When Sam Smith of Ford’s Special Vehicles Department was seeking a Project Engineer for Shelby American’s development of the “Cobra Mustang,” he encouraged his friend Chuck Cantwell to apply. Cantwell was working for GM Styling and involved in SCCA racing in the Detroit area at the time, and Smith figured the Shelby job would be a good fit. Apparently Carroll Shelby and his general manager Peyton Cramer came to the same conclusion, for in the late summer of 1964, Cantwell was hired to head the G.T. 350 program. Cantwell’s leadership helped the Shelby Mustang to big successes in both competition and sales realms, winning three consecutive B/Production championships, and growing the initial 562 production units in 1965 to over 3,000 by 1967. Cantwell was also a key figure in Shelby’s participation in the Trans-Am series, and beginning in 1966 was team Project Engineer for the endeavor. He moved over to Roger Penske’s Sunoco-sponsored Camaro team in 1969, where he served as team manager, continuing in that role with Penske for the Javelin program in 1970-1971.
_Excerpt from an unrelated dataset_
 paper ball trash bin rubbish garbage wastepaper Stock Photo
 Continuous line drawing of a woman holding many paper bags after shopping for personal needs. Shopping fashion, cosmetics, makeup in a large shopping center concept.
Original G.T. 350 Project Engineer Chuck Cantwell made it to several of 003s outings during the summer of 2014, including the Pacific Northwest Concours d’Elegance at the LeMay Museum in Tacoma, Washington.
At this show, 003 was presented with the Historical Vehicle Association’s “This Car Matters” award, a landmark historic vehicle award of sorts. In that the first Cobra Daytona Coupe won the same award in 2013, Hovander’s car is in good company.

Peter Brock

Peter Brock was one of Shelby American’s first employees, and a key figure in early Cobra and G.T. 350 history. With a background at GM’s styling studio where he helped design the prototype Corvette Stingray, his eye for form and function was incredible. Prior to his endeavors with the G.T. 350, Brock’s Shelby accomplishments included developing the shape of the World Championship winning Cobra Daytona Coupes, creation of the hooded Cobra logo, the now famous Cobra, Cobra, Cobra T-shirts, and much more. On the G.T.350 he introduced the now iconic blue over white racing stripe configuration, the hood scoop, the center gauge pod, the R-model vented rear window, and a majority of the company’s advertisements. Brock left Shelby in 1965, and soon formed Brock Racing Enterprises (BRE), which, among other accomplishments, became Datsun’s West Coast factory race team in the late ’60s/early ’70s, to include SCCA Championship 240Zs and 2.5L Trans-Am titles in 1971 and 1972 with Datsun 510s. Brock’s involvement with automobiles continues, with he and his wife Gayle being active motorsports journalists and photographers, as well as manufacturing Brock’s slick aerodynamic race car haulers, called Aerovaults, in Henderson, Nevada.